The results of a single draw of this function is then:

t1 t2
Bayern Paris Saint-Germain
Tottenham Club Brugge
Chelsea Dortmund
Napoli Leipzig
Man City Milan
Real Madrid Frankfurt
Benfica Inter
Porto Liverpool

In the end, Monte Carlo is about repeating the draw many times and calculating relative frequencies - accounting for potential errors due to the described problems.

NERRORS <- 0
NSIM <- 10000
iter <- 1:NSIM

results <- lapply(iter, function(i) {
    tryCatch(
        expr = draw_ko_phase(),
        error = function(err) {
            NERRORS <<- NERRORS + 1
            return(NULL)
        }
    )
})

results |> 
    bind_rows() |> 
    count(t1, t2) |>
    mutate(prob = n / (NSIM - NERRORS))

Firstly, the probability of a restart of the draw is not to be underestimated! There is a 25.7% chance of having a draw that results in a scenario where the final teams in the pots are from the same group / country.

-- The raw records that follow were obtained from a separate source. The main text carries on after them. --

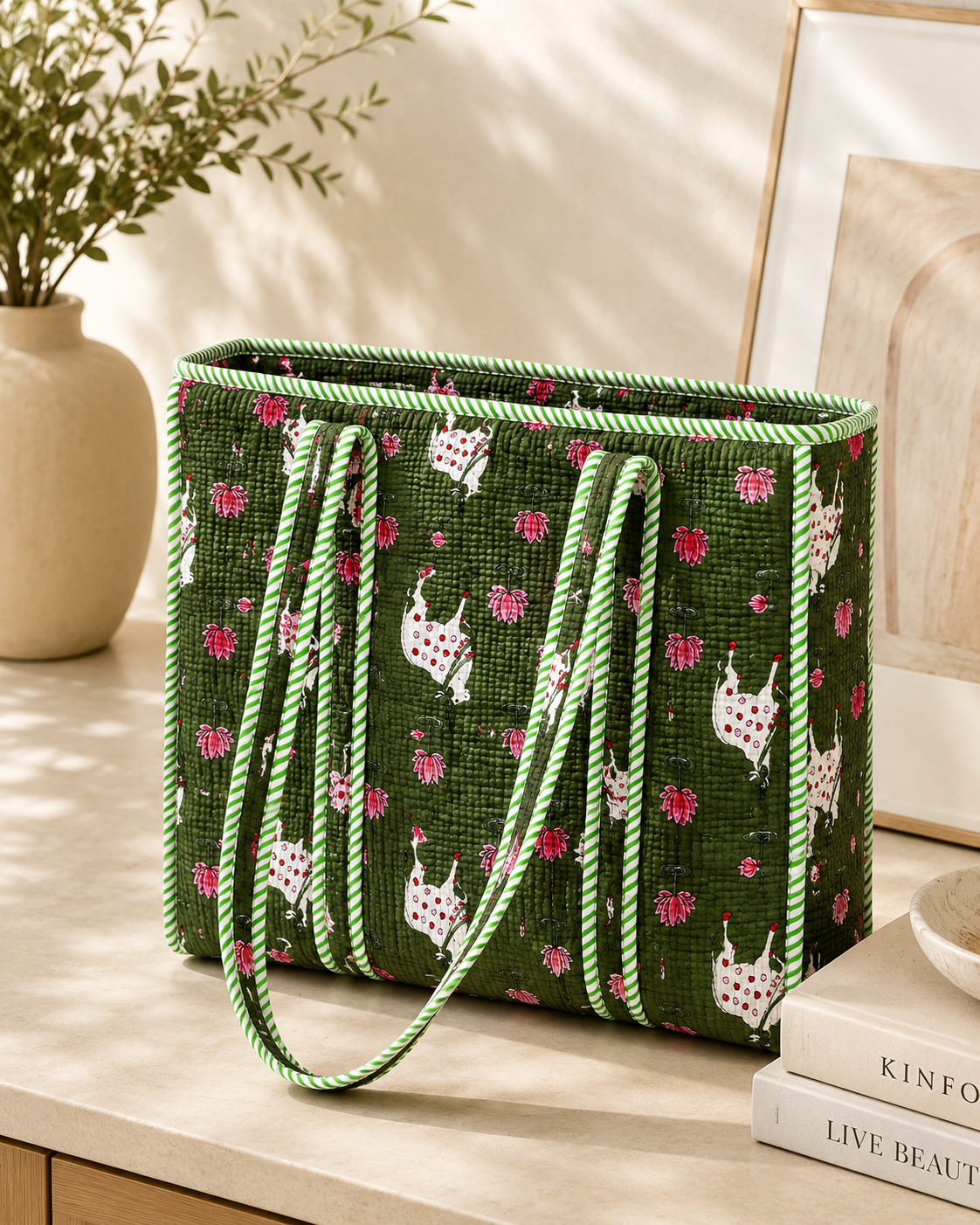 Moss Green Tote (XL)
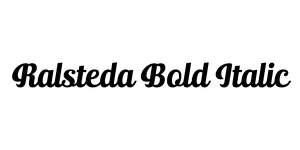 Ralsteda Bold Italic Font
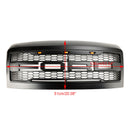 2008-2010 Ford F250 F350 F450 Pare-chocs avant super résistant avec lumières LED Raptor Grill Remplacement Calandre noire-2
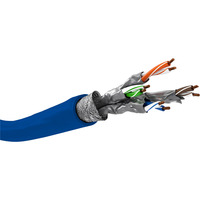 goobay Cavo di rete Cat.7a S/FTP (PiMF) Dca blu
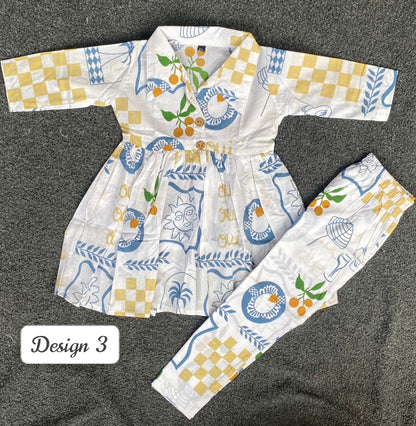 Summer Cotton Coords for Girls |2-3yrs size |Size 22 | Pure Aesthetic collection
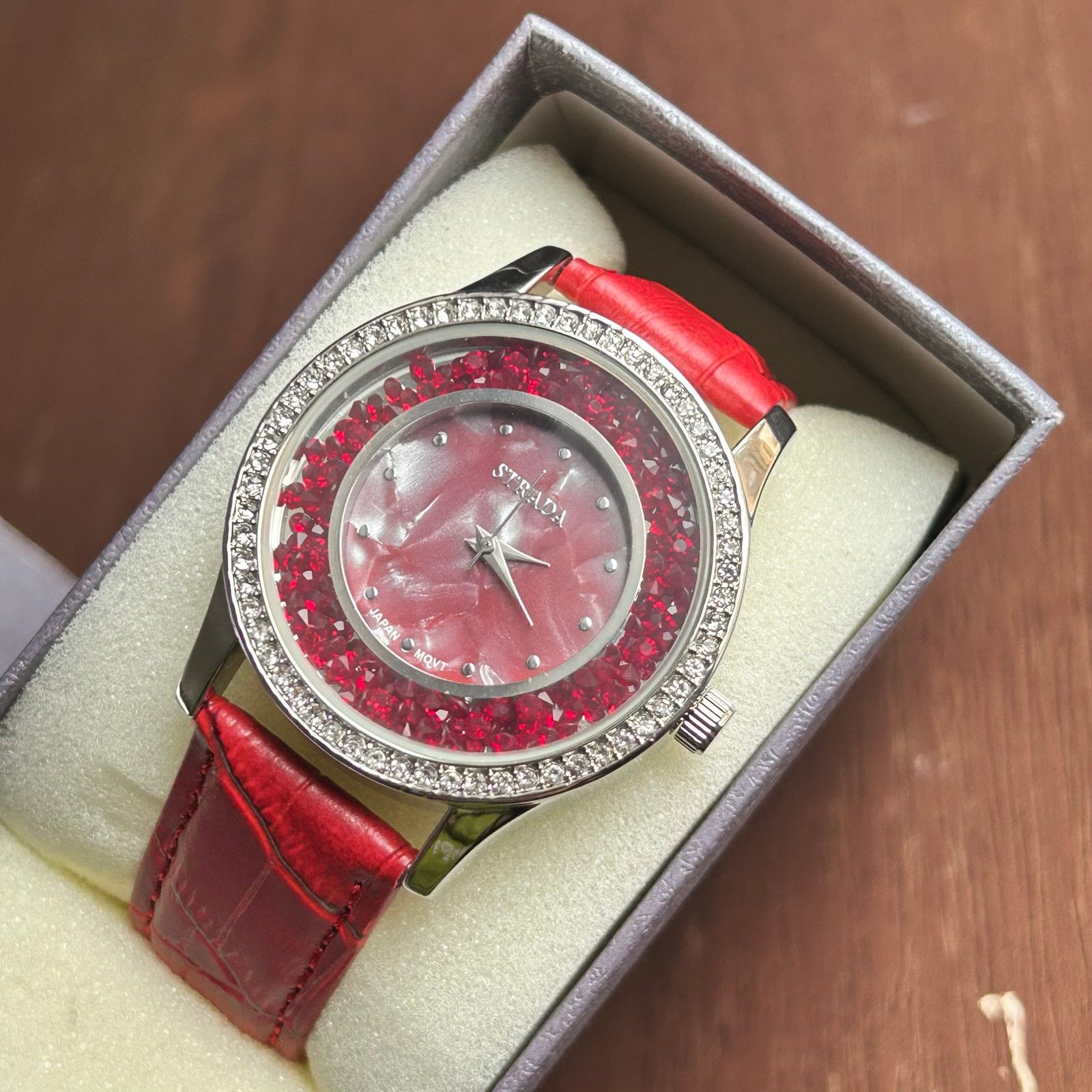 Other Strada Women’s Fashion Watch Red Crystals in a Box Size ONE SIZE - 2 Thumbnail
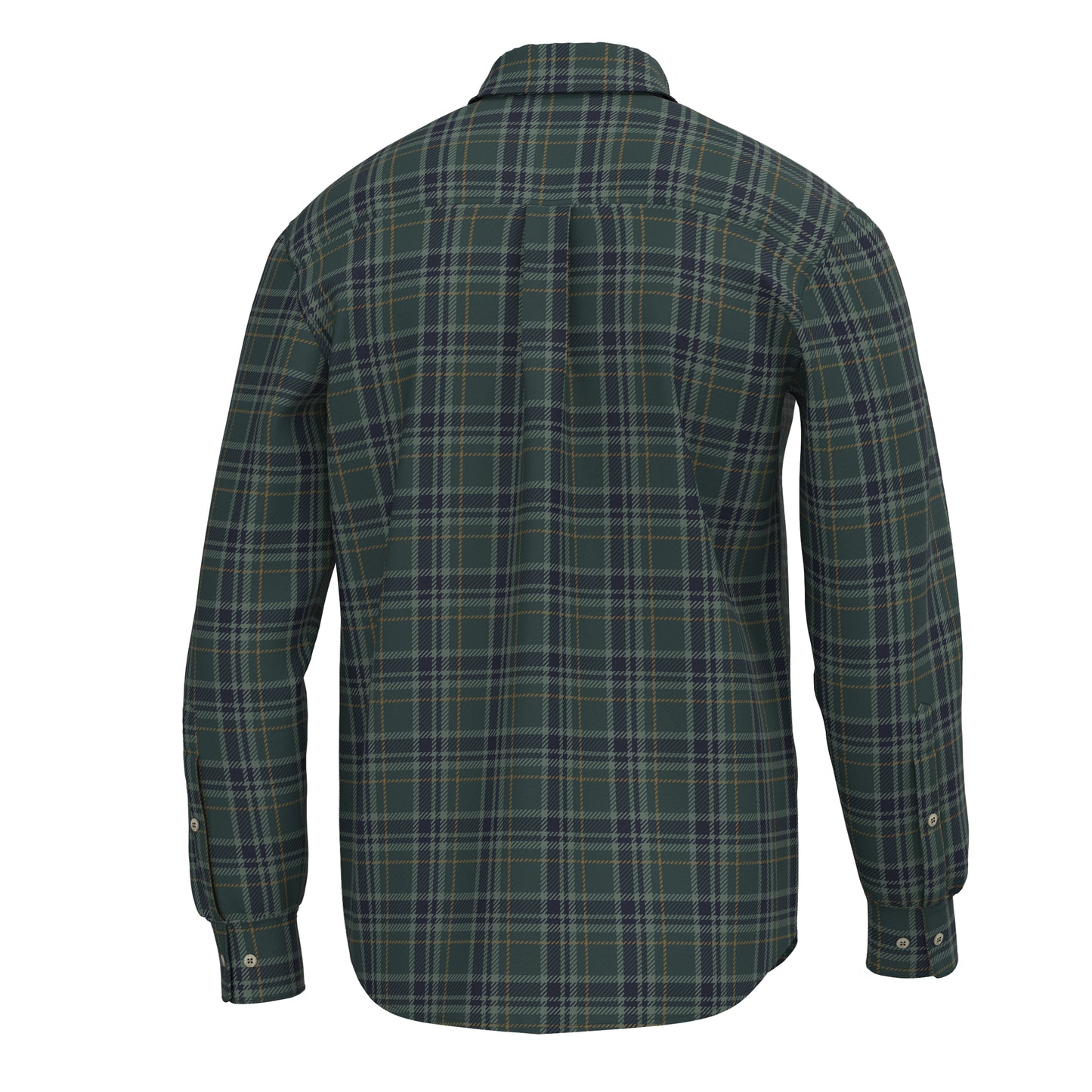 Youth Powers Stretch Flannel - Spruce/Navy/Copper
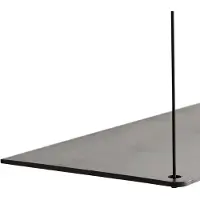 Woud Stedge Add-on hylly 80 cm Mustaksi maalattu tammi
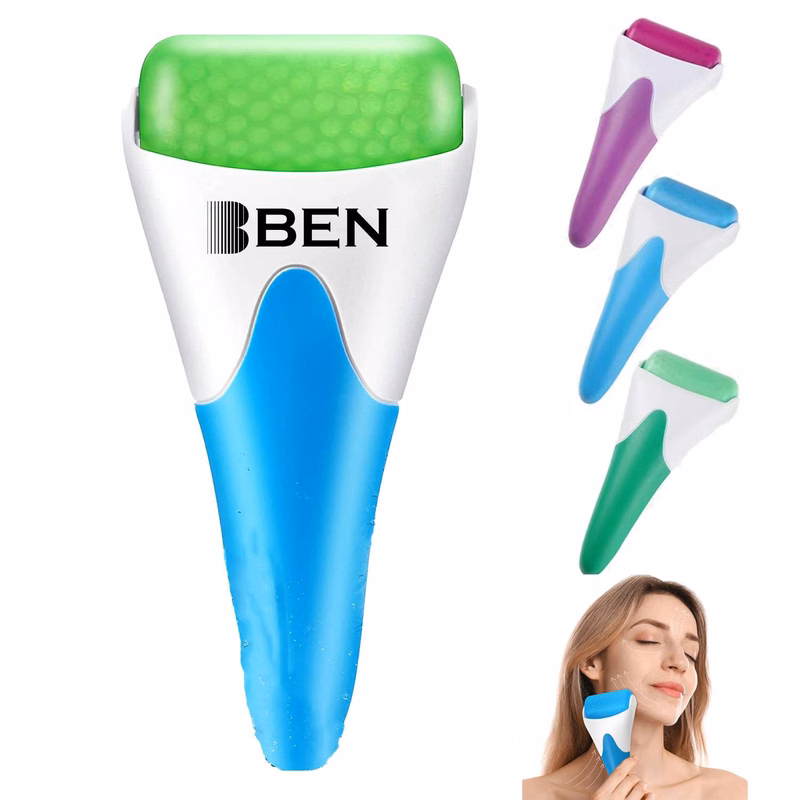 Facial ice roller for cold therapy
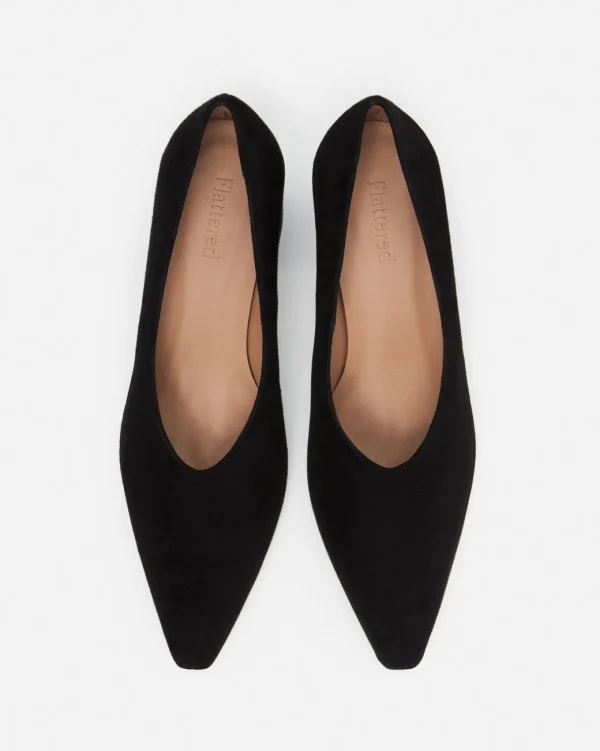 Heels^Flattered Angela Suede Black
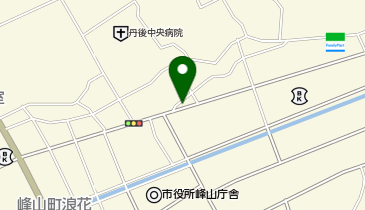 肴菜家ばくの地図画像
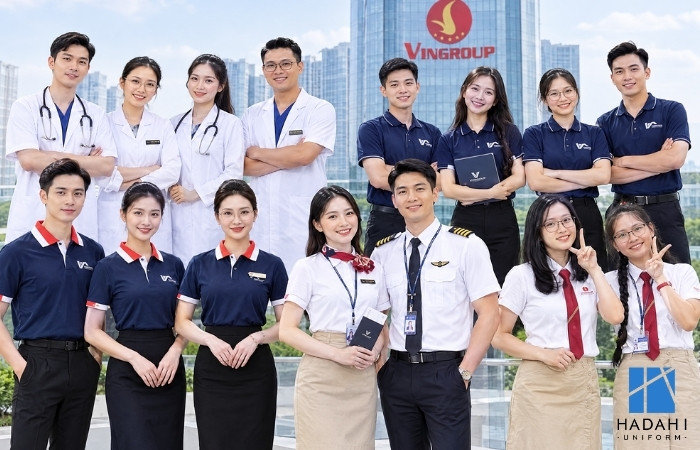 Tập đoàn Vingroup – Đồng phục thể hiện sự chuyên nghiệp, đẳng cấp và kỷ luật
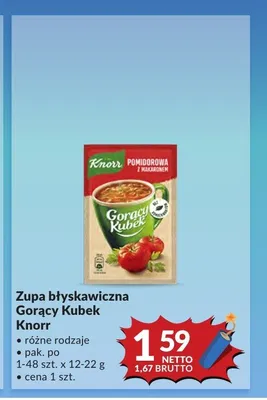 Zupa błyskawiczna Gorący Kubek Knorr promocja w Makro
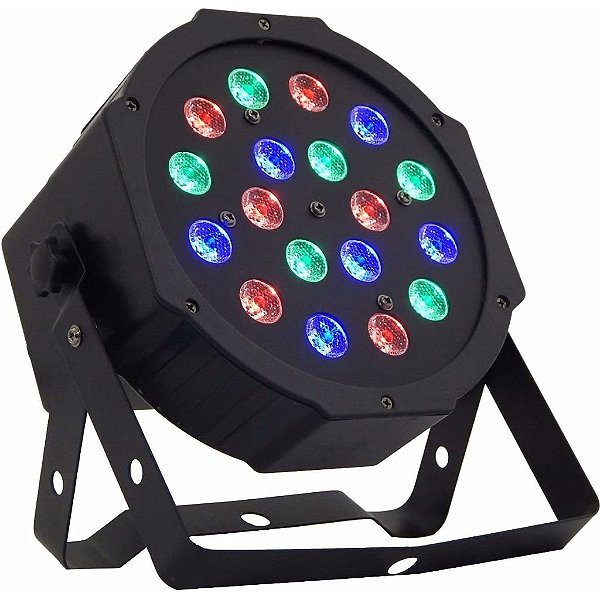 CANHAO DE LED 18 LEDS RGB 14W LUATEK LK-184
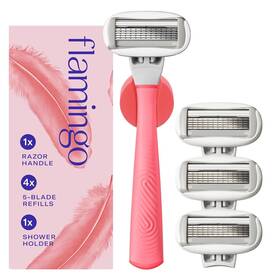 9150199001 Flamingo Shaving Razor Set For Women - Original 1 Count Pack Of Pink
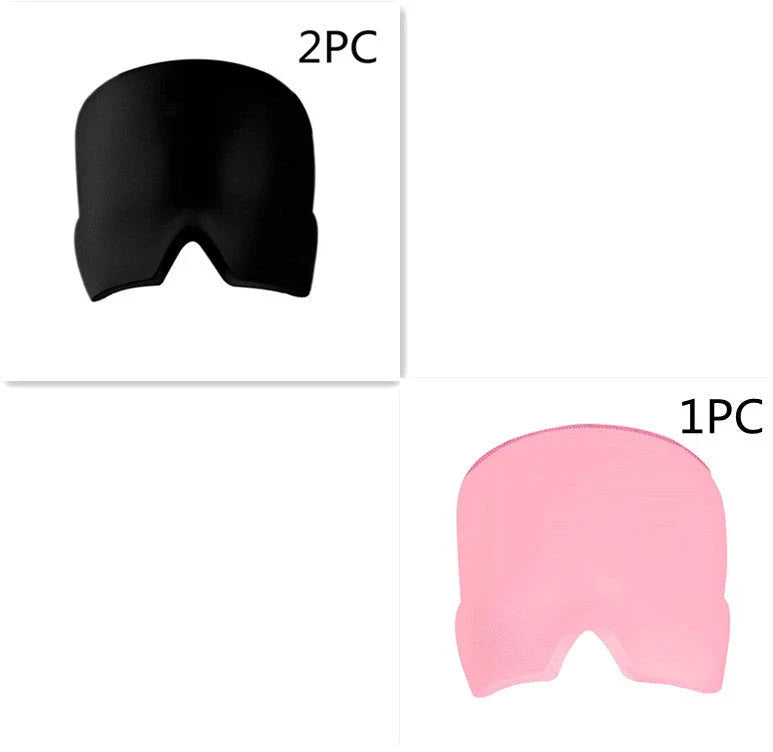 Soothing ice gel eye mask with elastic cloth design for headache and eye strain relief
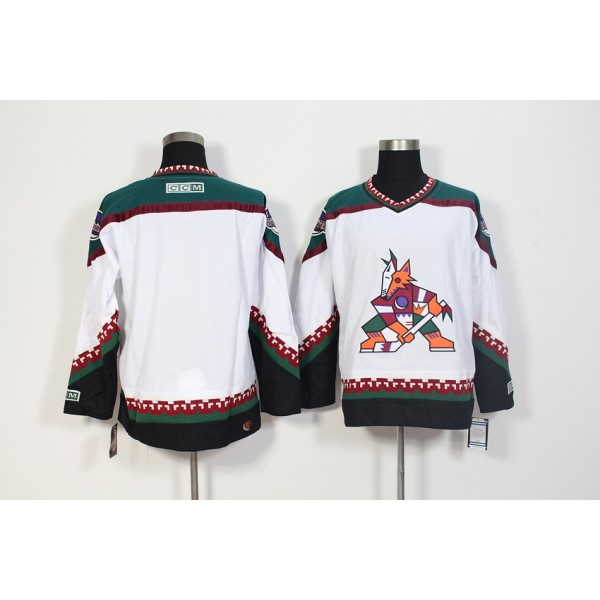 Arizona Coyotes White CCM Throwback Stitched Jersey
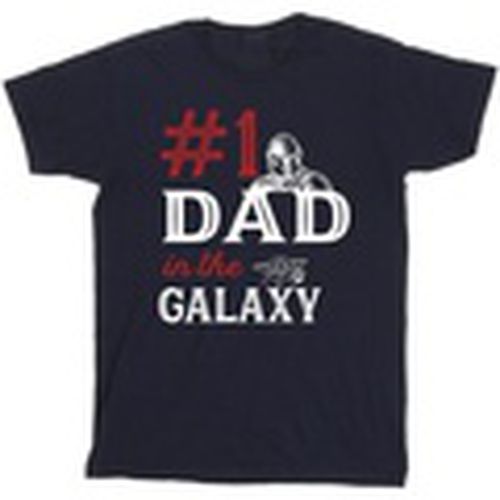 Camiseta manga larga Mandalorian Number One Dad para hombre - Disney - Modalova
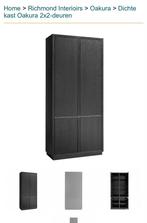 Richmond Interiors Oakura Kast 2x2-deuren, Ophalen, Eikenhout, Nieuw, 50 tot 100 cm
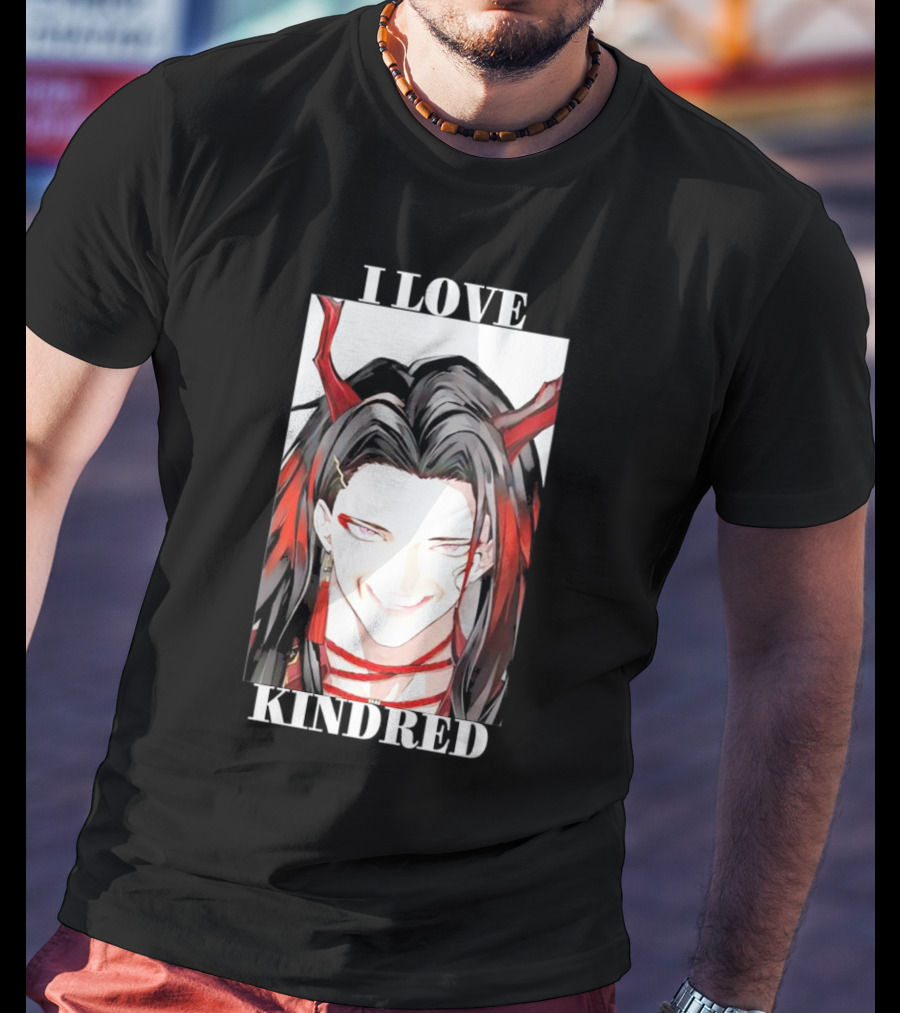 Vox Akuma I Love Kindred Red Horns Anime Character T-Shirt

For the successful draws, estimations are presented in Table 1. The values indicate the probability of encountering the opponent. Chances are that the draw will result in a 16th round match between Bayern and Liverpool (37.7%). In the context of Monte Carlo this can be interpreted as

From all the successful draws in the many repeats, 37.7% of the scenario’s had an encounter between Bayern and Liverpool.

Recap

  • UEFA’s restrictive rules can lead to imbalanced encounter probabilities.

  • In literature some corrections are described. See for example Robers & Rosenthal (2022).

  • In many complex situations Monte Carlo simulation is a very flexible method to obtain probabilities.